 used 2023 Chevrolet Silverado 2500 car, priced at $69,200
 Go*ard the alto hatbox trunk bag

^^^^^^^^

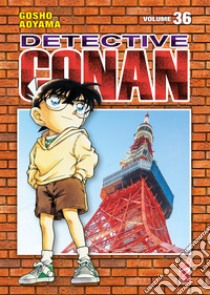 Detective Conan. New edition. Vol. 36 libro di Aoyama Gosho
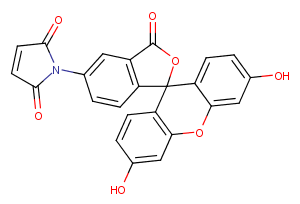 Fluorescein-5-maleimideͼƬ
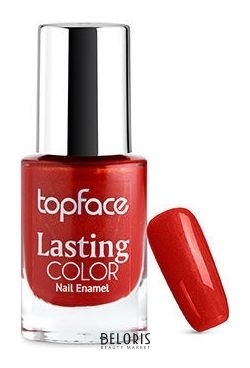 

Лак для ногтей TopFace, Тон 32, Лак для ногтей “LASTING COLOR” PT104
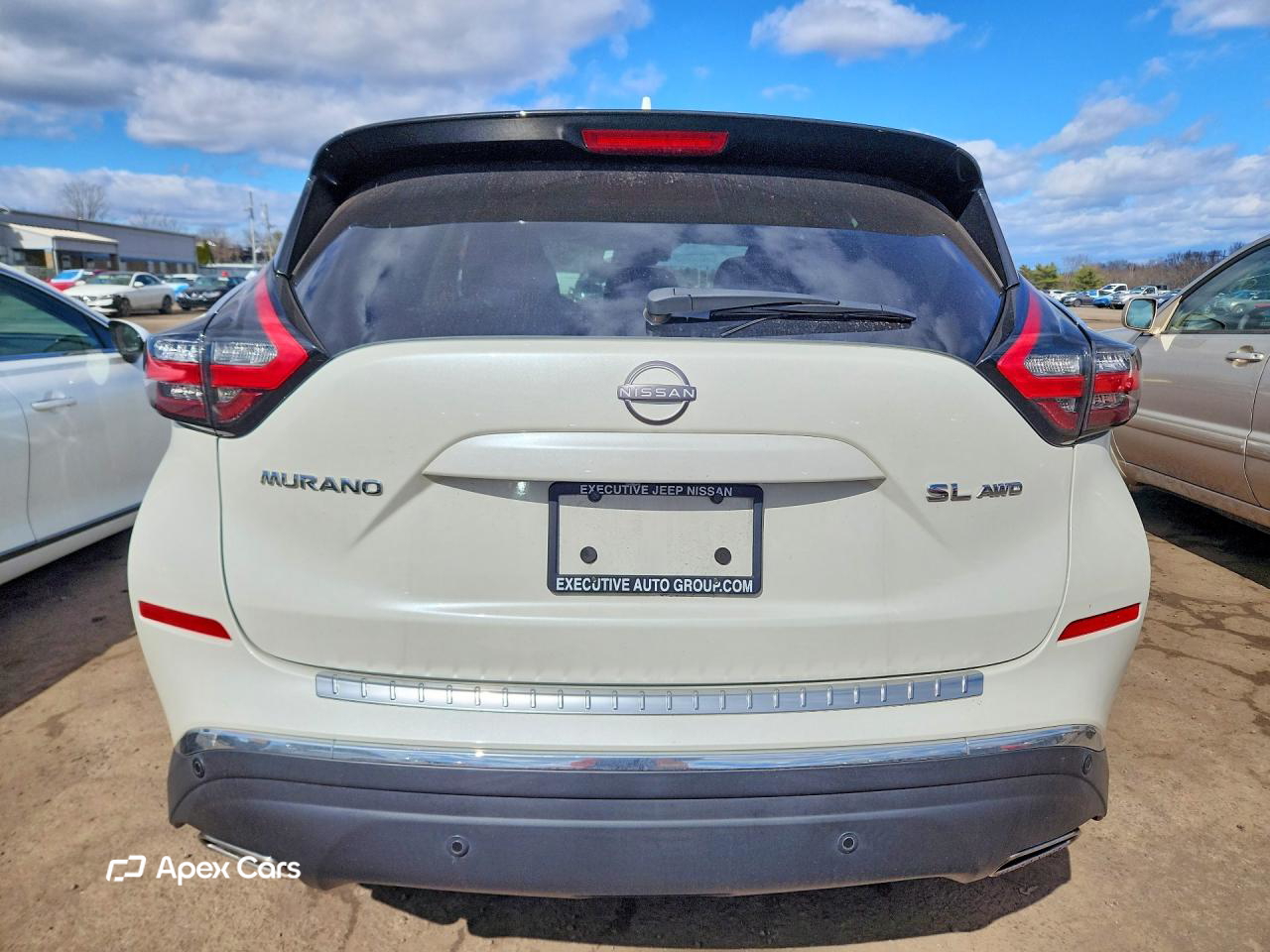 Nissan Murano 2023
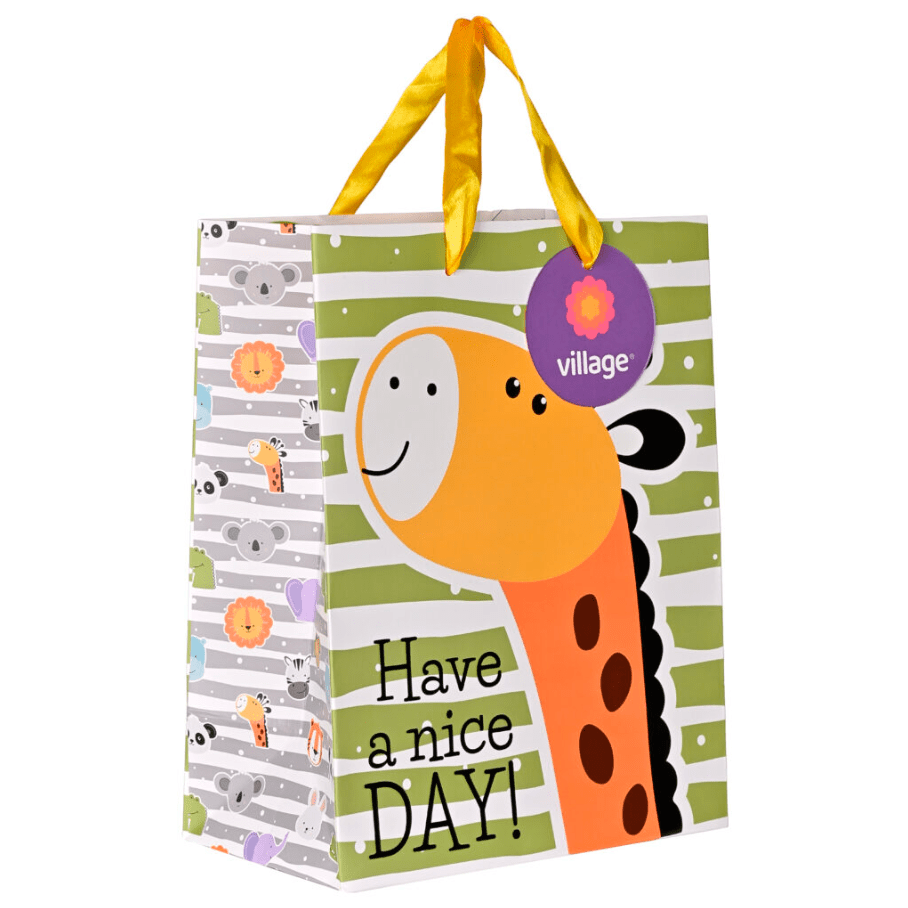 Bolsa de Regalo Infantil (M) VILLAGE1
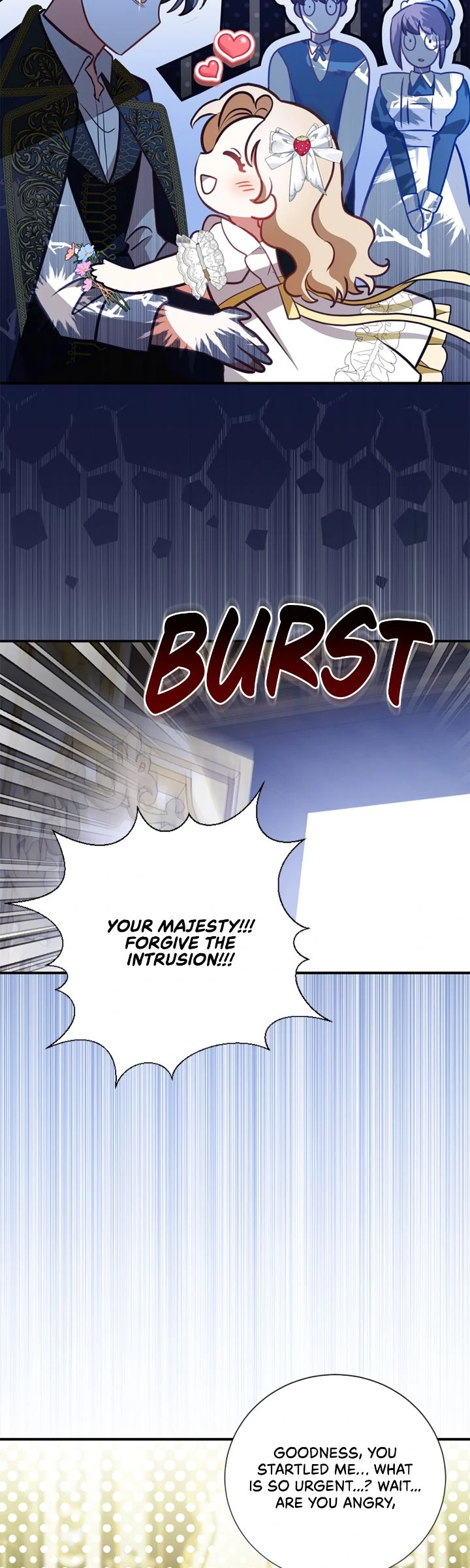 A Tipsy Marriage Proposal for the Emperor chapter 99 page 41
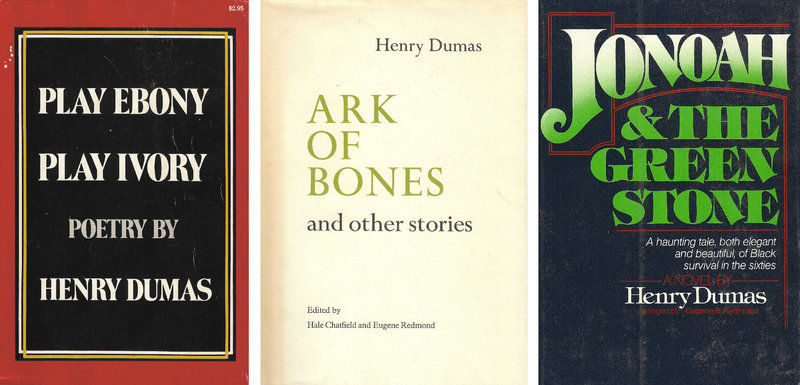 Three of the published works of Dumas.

^^^^^^^^

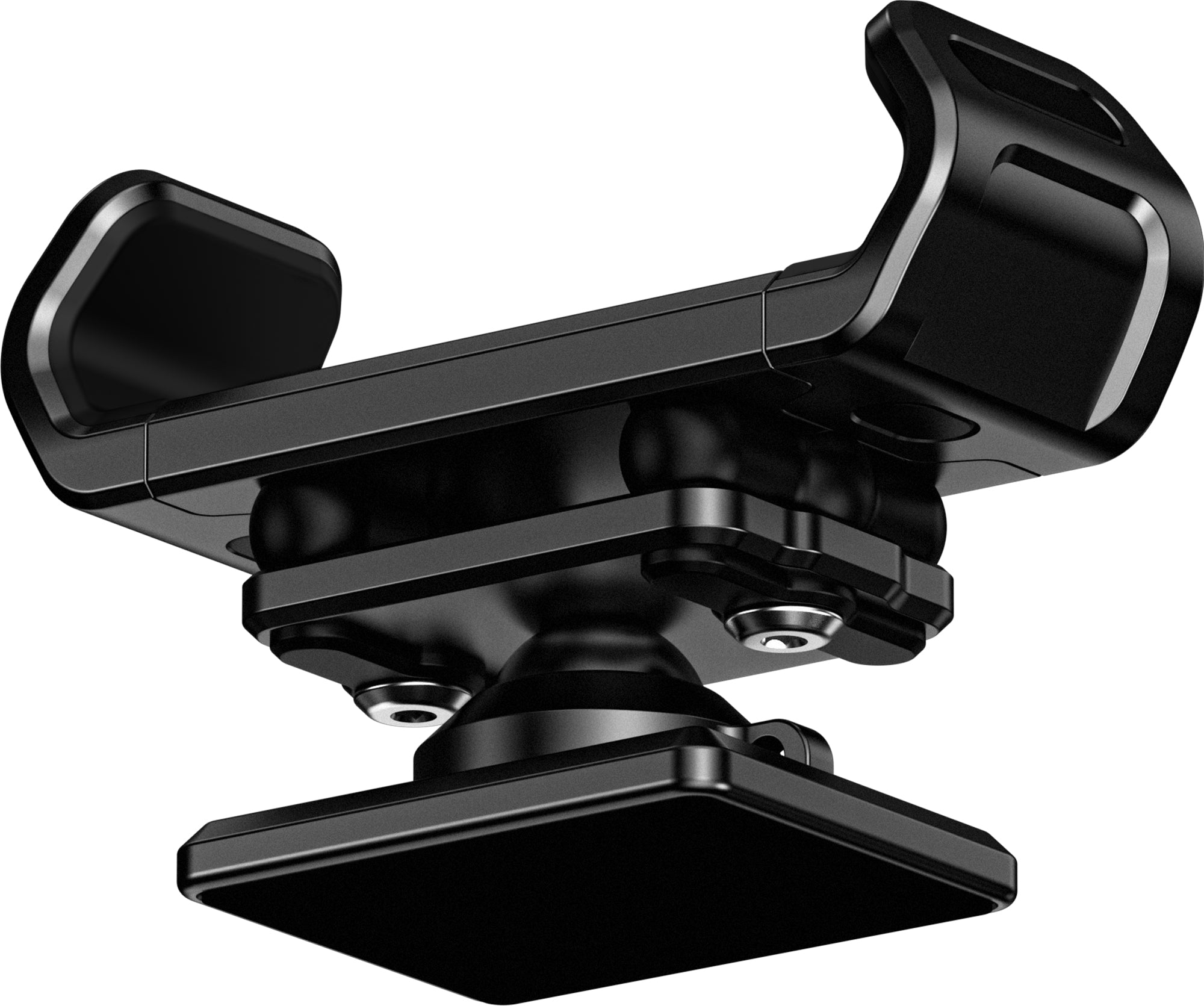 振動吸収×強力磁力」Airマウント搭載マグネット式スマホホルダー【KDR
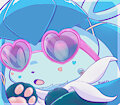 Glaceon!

^^^^^^^^

> _EXERCISE DETAILS_:
For the listing above, print only the lines starting at the line containing "used 2023 Chevrolet" and ending at the line containing "Go*ard the alto hatbox trunk bag", exactly, both included.

> _WRITTEN ANSWER_:
 used 2023 Chevrolet Silverado 2500 car, priced at $69,200
 Go*ard the alto hatbox trunk bag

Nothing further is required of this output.